WHAT YOU NEED TO DO: The expected output is each line from the one containing "Vintage modern design silver bangle" to the last line of the data below, set down exactly, minus the pictures.

SUPPLIED MATERIAL:
****************************************

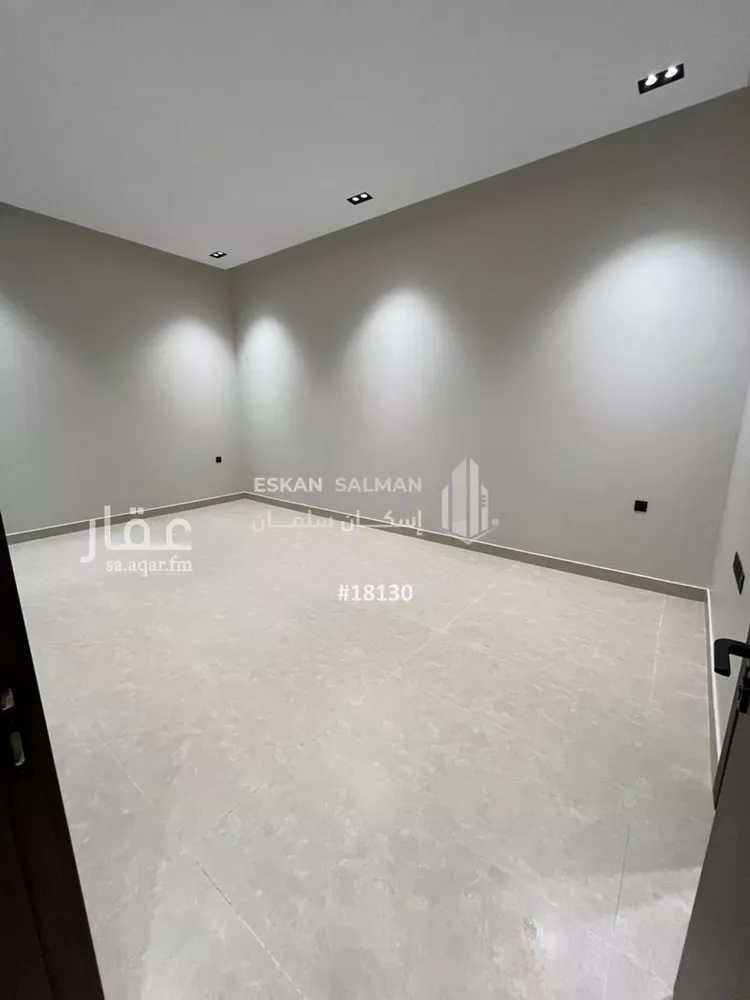 فيلا للبيع في شارع أبي العباس الجندي, حي الرمال, مدينة الرياض, منطقة الرياض صورة 2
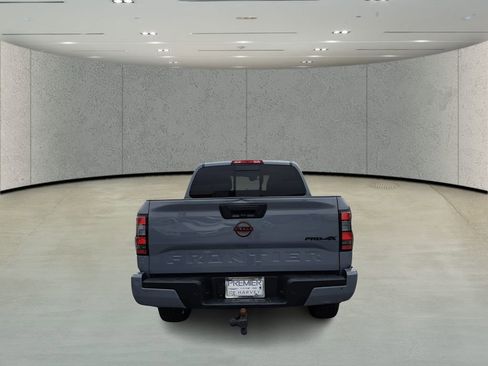 Used 2024 Nissan Frontier PRO-4X w/ Technology Package image 6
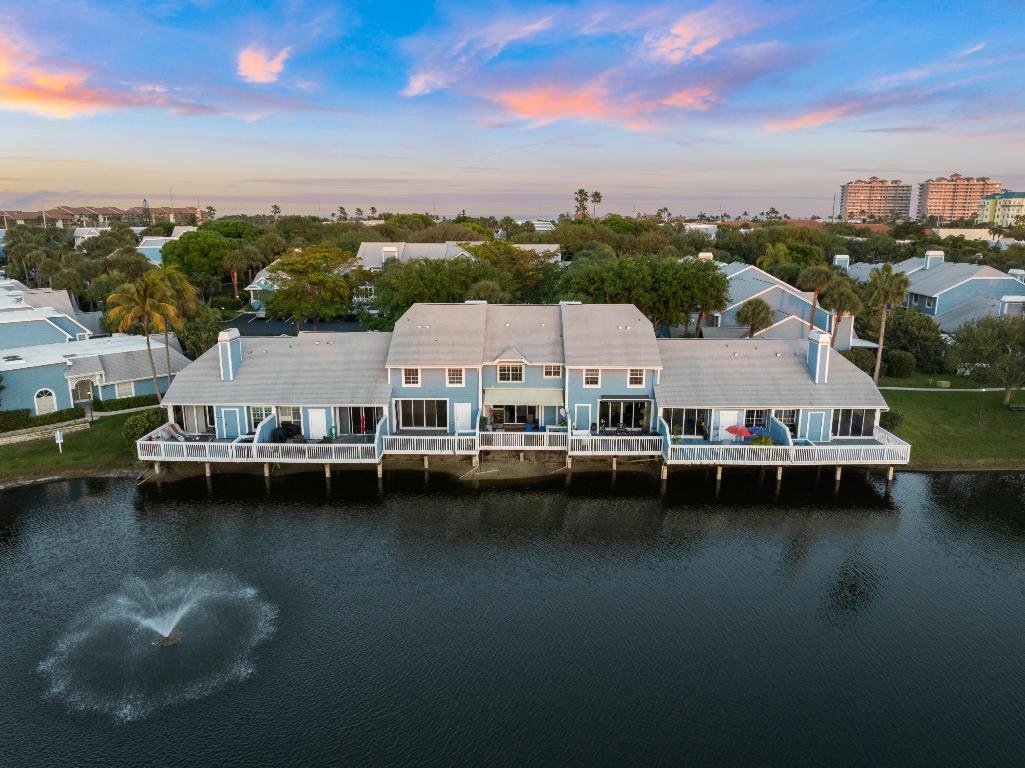 210 Ocean Dunes, Jupiter FL 33477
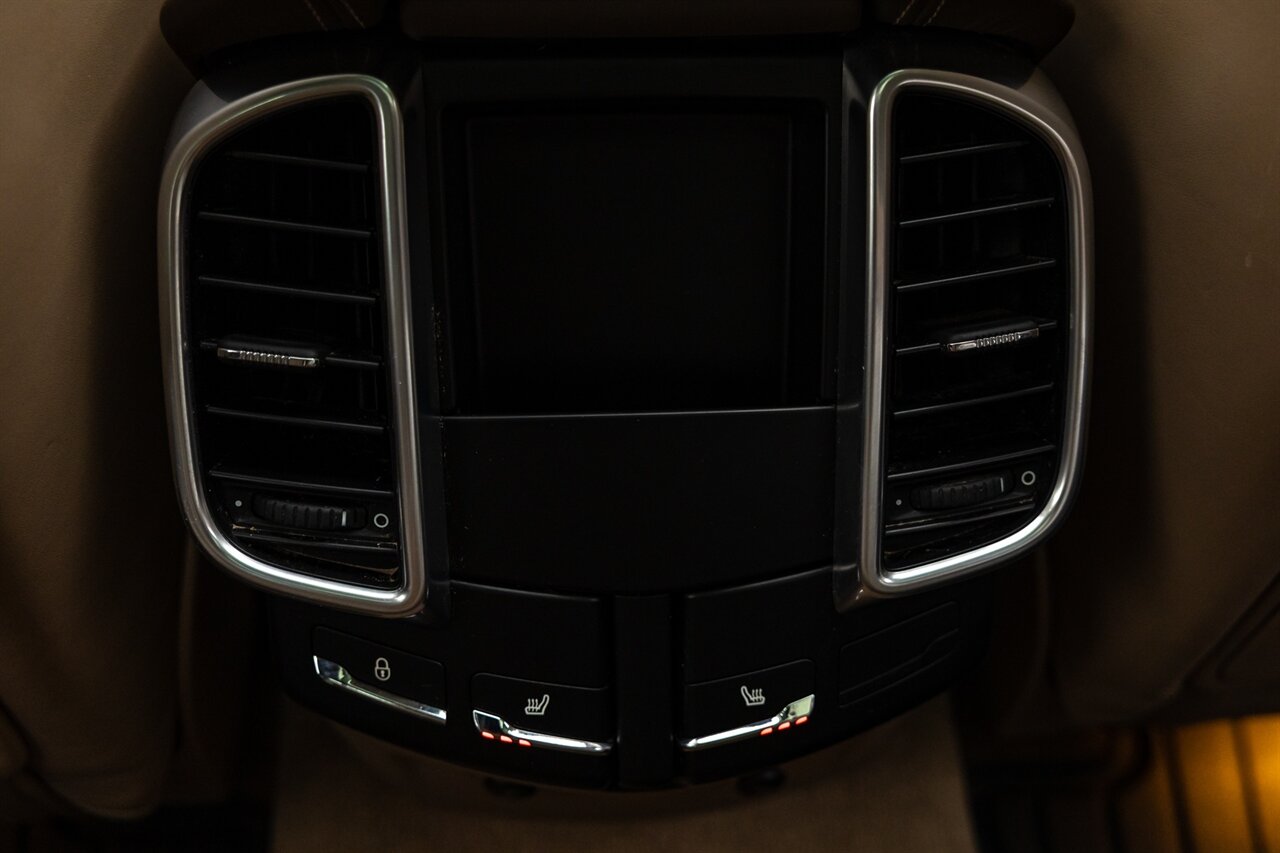 2014 Porsche Cayenne S Hybrid   - Photo 52 - Springfield, MO 65802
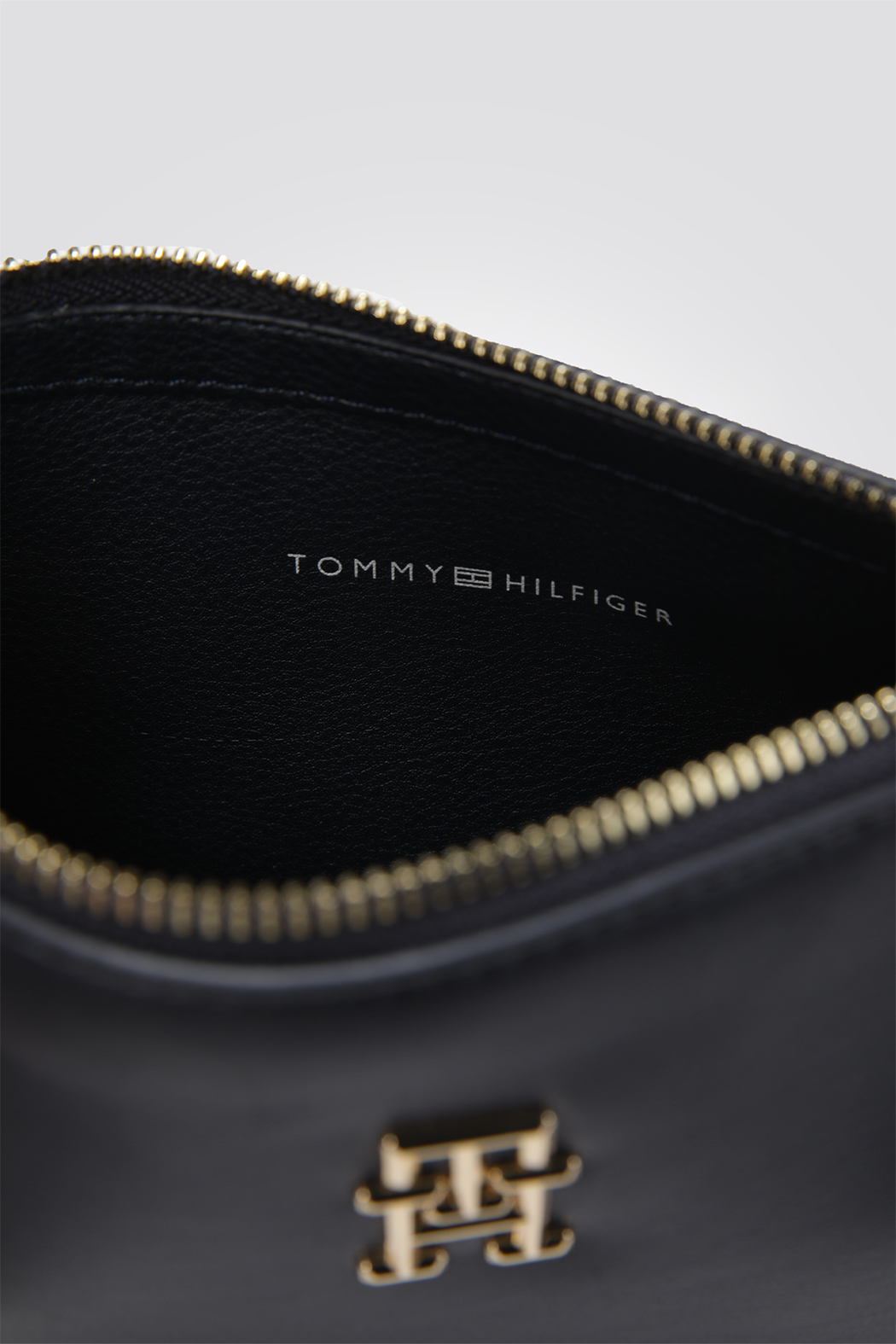 תיק צד לנשים בצבע כחול כהה Tommy Hilfiger – MASHBIR//365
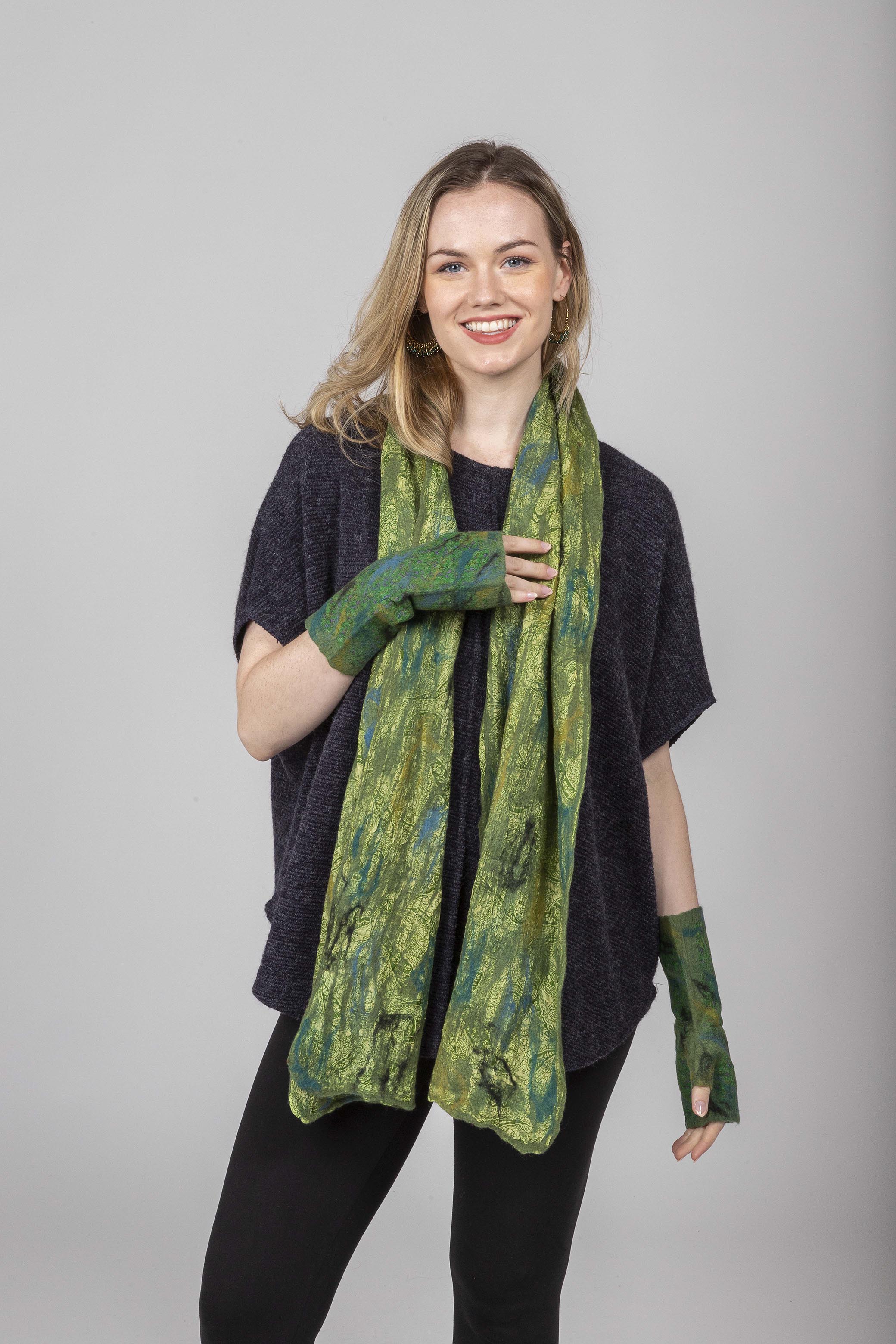 Merino Wool Felted Scarf – Himalayan Artwear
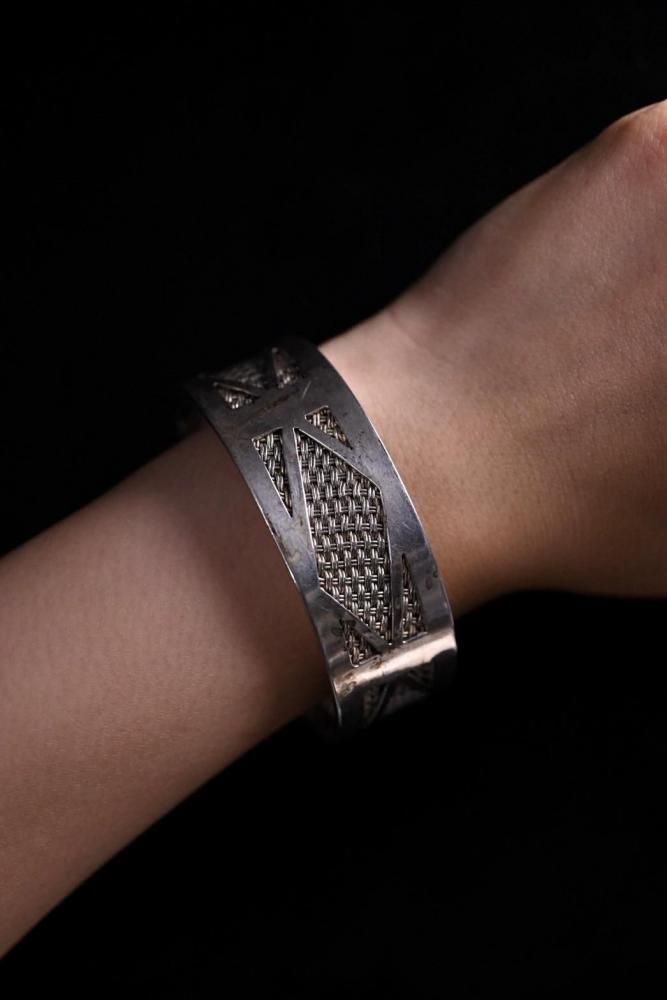 Vintage modern design silver bangle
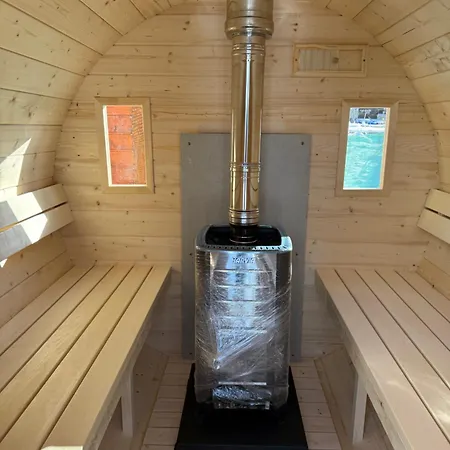 Glamping Geodome Horní Blatná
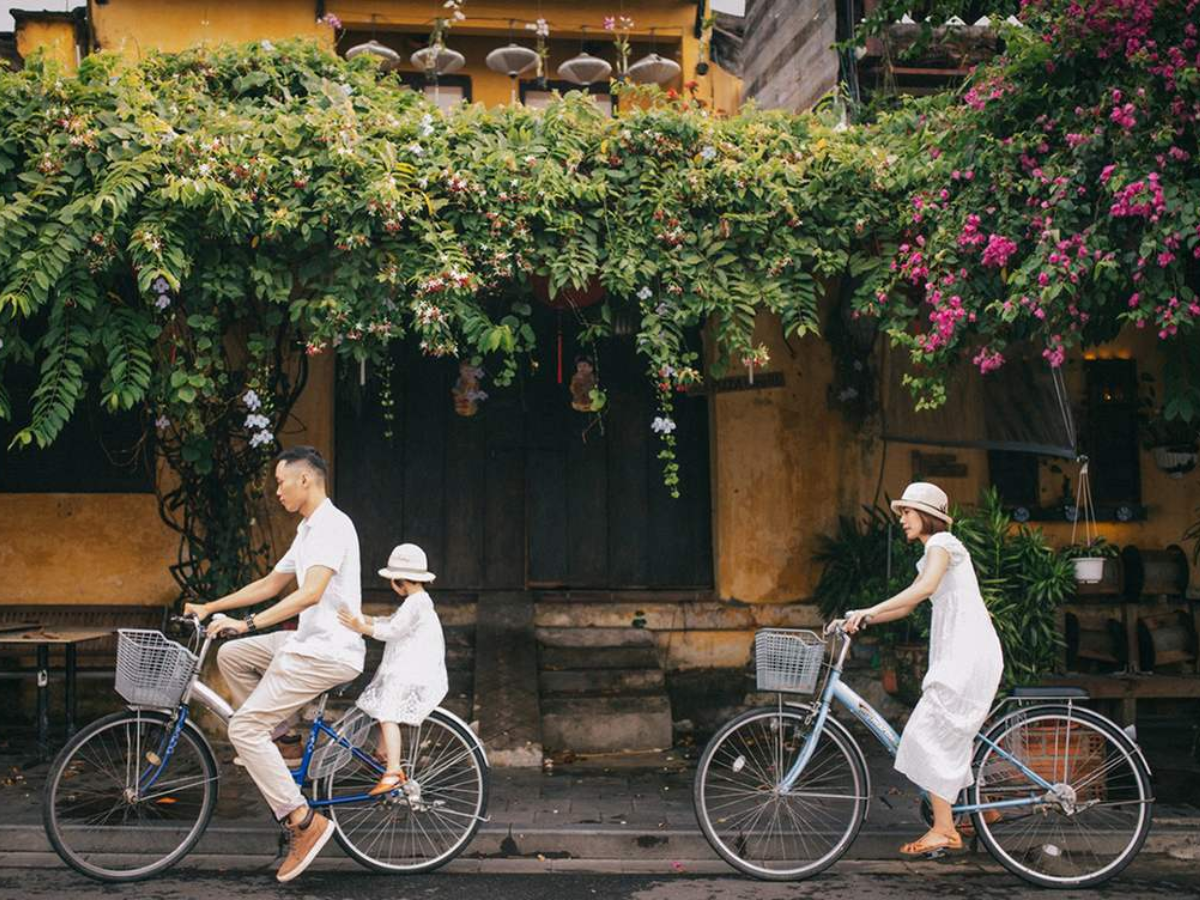 Du khách tuân thủ an toàn giao thông khi di chuyển quanh phố cổ.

****************************************

EXERCISE ANSWER:
 Vintage modern design silver bangle
 Glamping Geodome Horní Blatná
 Du khách tuân thủ an toàn giao thông khi di chuyển quanh phố cổ.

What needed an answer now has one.